So you know how I just said “do the simple things very well”? I had apparently forgotten that skill and precision isn’t dependent entirely on the complexity of the garment–sometimes fabric can be the sole challenge. I should have starched the absolute hell out of this challis, but I didn’t, so it was tricky to cut and sew neatly. And sadly, it still didn’t have enough drape to keep this pattern from being a “shent” on me. The back of the envelope said I needed a size 16 so I thought; “this is a learn to sew pattern, I’m going to just cut it like they tell me to, they surely wouldn’t misguide newbies, and then I won’t need to make a muslin…” famous last words, my friend. Famous last words. After I cut down about 6 inches total + still keeping the 5/8″ seam allowance (or more), I think everyone can see that it’s still not exactly “fitted”. I tried to add a french dart, but that’s a no go once your fabric is cut (I’d have had enough to make the “flange” if I had thought to dart it before cutting the sides down though). Ultimately, I wore it around the night after I finished it, and it’s comfy (and cool!) and I think it will be great for summer, if not exactly the most flattering item of clothing I’ve ever owned. And hubby and Irish both say it looks nice. 🙂

Seasonally appropriate? What’s that?

So I finally sewed up something that wasn’t a wadder. Granted, it’s taken me forever (seriously, over a week!) to sew up a simple loose-fitting blouse that should have only taken a couple of hours, but it’s a finished blouse, so I’ll take it. 🙂

Except! It’s really more suited for summer heat than the current freezing temps. So while it’s exceptionally cute, it’s going to languish in the closet for a few months. Not even my high tolerance for cold is going to let me wear a backless blouse made of some sort of polyester gauze (actual fabric type is unknown, but it came from the big green J, so I’m confident it’s poly). But instead of being “late” for summer, I’m totally claiming it as “early” for next year. I’m so on the ball, eh? 😉

So what is this garment of seasonal inappropriateness, you ask? Why it’s Simplicity 1614, of course! I made up view D in a size 16. I thought about making it in the 18 to match my full bust measurement, but I figured it surely had enough ease to cover and not be too ginormous everywhere else with the 16. And I was right. And since it didn’t have to fit my narrow shoulders, I didn’t need to use the smaller sizes either (I usually need the shoulders of a 10 or a 12). As is, it’s nearly perfect size-wise, or at least it is what I was aiming for. 🙂

Business in the front

Business in the front

For the most part, this was a fairly easy sew. My problems stemmed from using the most fray-tastic, shifty fabric in the history of fray-tastic, shifty fabrics that snagged on everything, including itself! Gah! Seriously, poly charmeuse ain’t got* nothin’ on this stuff! I suppose I should also point out that two other things gave me grief: 1) I’ve never made bias tubes out of such a lightweight fabric before–it looked like a drunk monkey sewed those tubes up! and 2) My bias tape application still needs some practice. This time it was made worse by the fabric choice. 😦 No matter though; it’s cute, and I like it. 🙂 Besides, who can resist this rear view? 😉

Party in the back!! Love me a cute (and possibly tacky) back detail!
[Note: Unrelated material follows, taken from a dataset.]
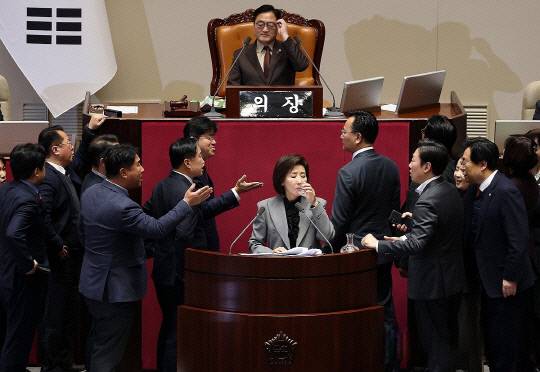 지난 9일 국회 본회의에서 나경원 국민의힘 의원이 '가맹사업거래의 공정화에 관한 법률 일부개정법률안'에 대해 무제한 토론하는 가운데 여야 의원들이 발언대에서 목소리를 높이며 신경전을 이어가고 있다. 연합뉴스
Party in the back!! Love me a cute (and possibly tacky) back detail!

And if you’re wondering what happened to the knock-offs, well, one has been sitting in my sewing room in the exact same stage (aka nearly done, but with minor fixes needed) for over a month now. I finally worked up the willpower last night to pick out the side seams and the sleeves so that I can basically recut the front because it got distorted by some seaming. No one needs wrinkles in front of their armpits that look like…well, use your imagination, I’d as soon not get creepy pervs finding me. 😛 Of course, I managed to lose the front pattern piece, so I’ll have to retrace it, which means it may take even more time as I really don’t love tracing…

*Why yes, I did just use the phrase “ain’t got”…my English teachers would all be properly horrified, not to mention reconsidering those A’s they gave me all those years ago. 😉

I’m taking the plunge!

I’m getting ready to try something I’ve been meaning to try for a while. Sew up a coat. As I write, the wool is shrinking in the dryer. I’m using this method to shrink it, in case you’re wondering. It’s a red wool from Hancock Fabrics that I bought the last off the bolt last year. I will likely cut this on the floor, so that I can make absolutely sure all of my pieces fit, since I know this will be a tight squeeze, but I’m usually pretty good about being able to make things work with shorter yardages (or have enough excess to make something else).

The pattern? I’m hoping to make the blue version of Simplicity 2508. But, who knows, as short as I am, the short version may be long enough. (BTW, I wanted the white version, but apparently it’s suggested that people with my particular figure stay away from double breasted coats/jackets. I would say “phooey” on them, but this coat will be fairly expensive and time consuming, so I don’t want one I’ll hate when it’s done.)

Stay tuned for the muslin, I’m sure this will be an interesting experience. 😉

Anyway, I have no idea how this post got so lengthy, so I’m just going to wish everyone a fabulous (holiday) weekend!!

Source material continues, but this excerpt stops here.